** SOURCE DATA follows **

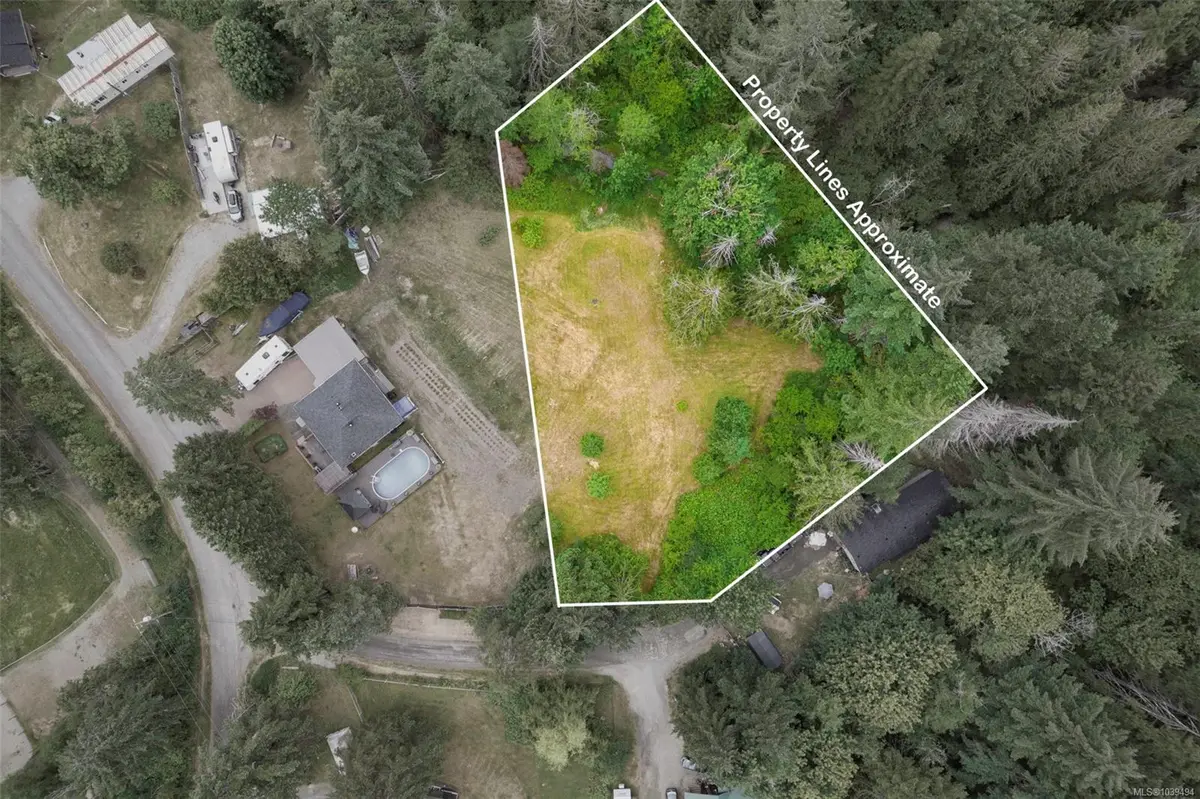 Lot B Plested Rd, Port Alberni BC V9Y 8L6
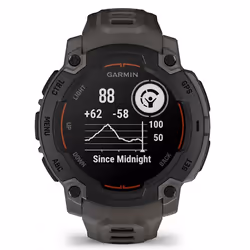 Garmin Instinct E 45mm Noir GPS - Vue supplémentaire 7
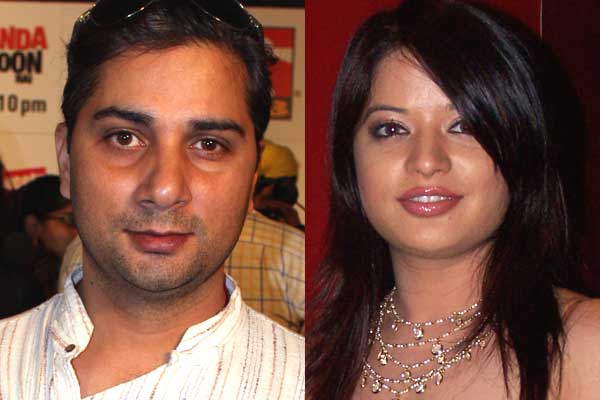 Varun Badola and Arzoo Govitrikar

** End of SOURCE DATA **

-- PROBLEM TO SOLVE --
In this exercise, set down all of the data exactly, without the pictures.

-- OUTPUT OF THE TASK --
 Lot B Plested Rd, Port Alberni BC V9Y 8L6
 Garmin Instinct E 45mm Noir GPS - Vue supplémentaire 7
 Varun Badola and Arzoo Govitrikar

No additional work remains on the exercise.